The evolution of automated manufacturing is leading to a paradigm shift away from manual metrology solutions to automated metrology solutions, according to research by Frost & Sullivan.
With the integration of inspections into shop-floor processes, the report says there is a need to perform measurements without human intervention to minimise errors and reduce the time required for inspections. This triggers the demand for robot-based metrology tools across industries.
The analysis finds that robot-based metrology system providers should work closely with automobile manufacturers to enable product innovation and ensure safety and manufacturing standards compliance, develop systems that allow factory simulation to stay in sync with the physical space to realise end-to-end factory visibility, and also invest in expanding their product portfolio with advanced software capabilities.

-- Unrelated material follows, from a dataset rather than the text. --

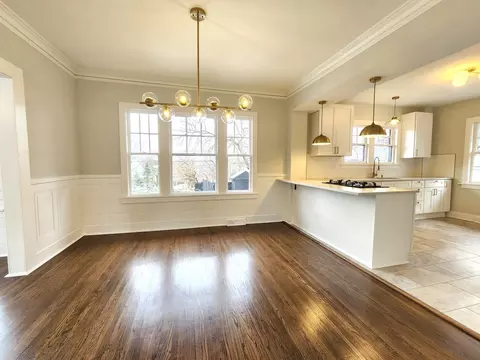 Dining - 444 Raymond St, Elgin, IL 60120 photo 2 of 2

Automated manufacturing is evolving
According to Frost & Sullivan’s research, Global Robot-based Metrology Growth Opportunities, the buoyant global robot-based metrology market will likely reach US$396.2mn by 2026 from US$189.9mn in 2021, registering an impressive expansion at a compound annual growth rate (CAGR) of 15.8%.
“With Industry 4.0, automated manufacturing is evolving and further paving the way for automated measurements,” said Shruti Bapusaheb Yewale, Industrial Research Analyst at Frost & Sullivan. “Additionally, it will be critical for industries to integrate measurement and closed-loop control with automated manufacturing processes in the next five years.

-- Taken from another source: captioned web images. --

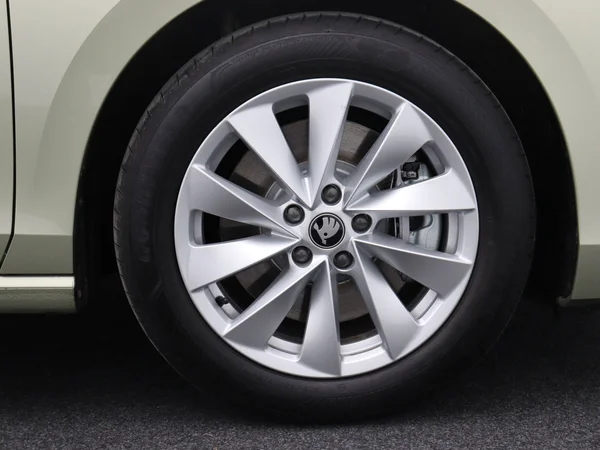 SKODA Superb Combi PHEV (2025) — foto 14 van 17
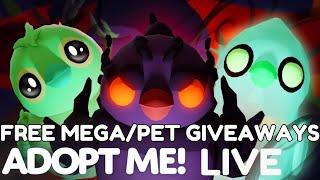 Gave away Mega Halloween Pet Live & Opening  EVIL CHICK BOX!  with @CookieCutter   in Adopt Me!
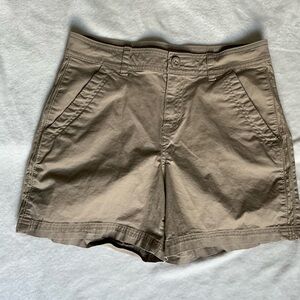 Eddie Bauer Khaki Hiking Travel Shorts Size 6 Stretch Cotton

Despite initial investment into automation technology being costly, the long-term cost reduction heavily outweighs the cost of the technology. Implementing industrial automation technology, such as robotics and RPA, has the potential to translate into a reduction in data analytics costs.

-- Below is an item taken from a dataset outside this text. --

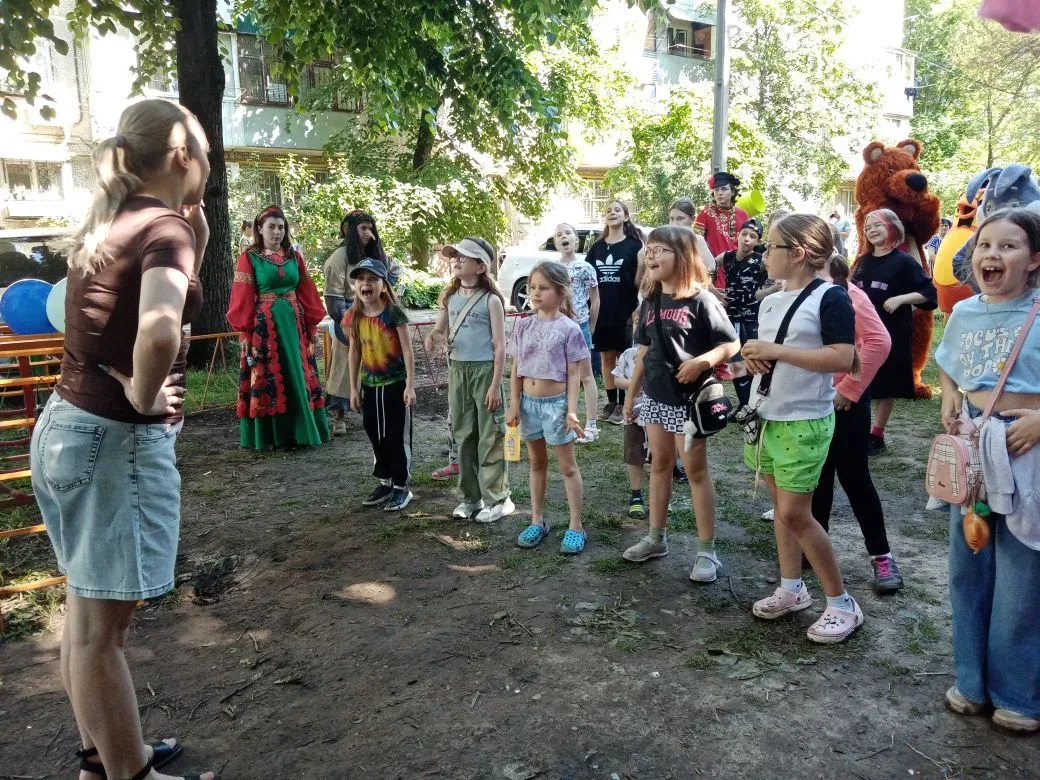 🎉🎈 Звонко, весело, задорно: как воспитанники клуба «Алые паруса» встретили День защиты детей!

Unplanned downtime costs manufacturers US$2mn a year on average. Faulty machines can also damage products during production, which can be costly with things as expensive as cars. Consequently, using AI to prevent these situations could result in substantial savings.
Over time, AI can analyse maintenance trends to highlight when it’s time to replace or upgrade machines.
Manufacturing as a whole is facing a substantial labour shortage. If current trends persist, there could be 2.1 million unfilled manufacturing jobs by 2030. Industries could automate more of their processes, allowing them to do more despite a smaller workforce.
“As manufacturers ramp up production and focus on maximising product quality, the demand for engineers with the right skill sets will surge,” Yewale adds. “However, the shortage of such technicians will further compel companies to adopt automation through robotics in metrology, particularly in North America and Europe."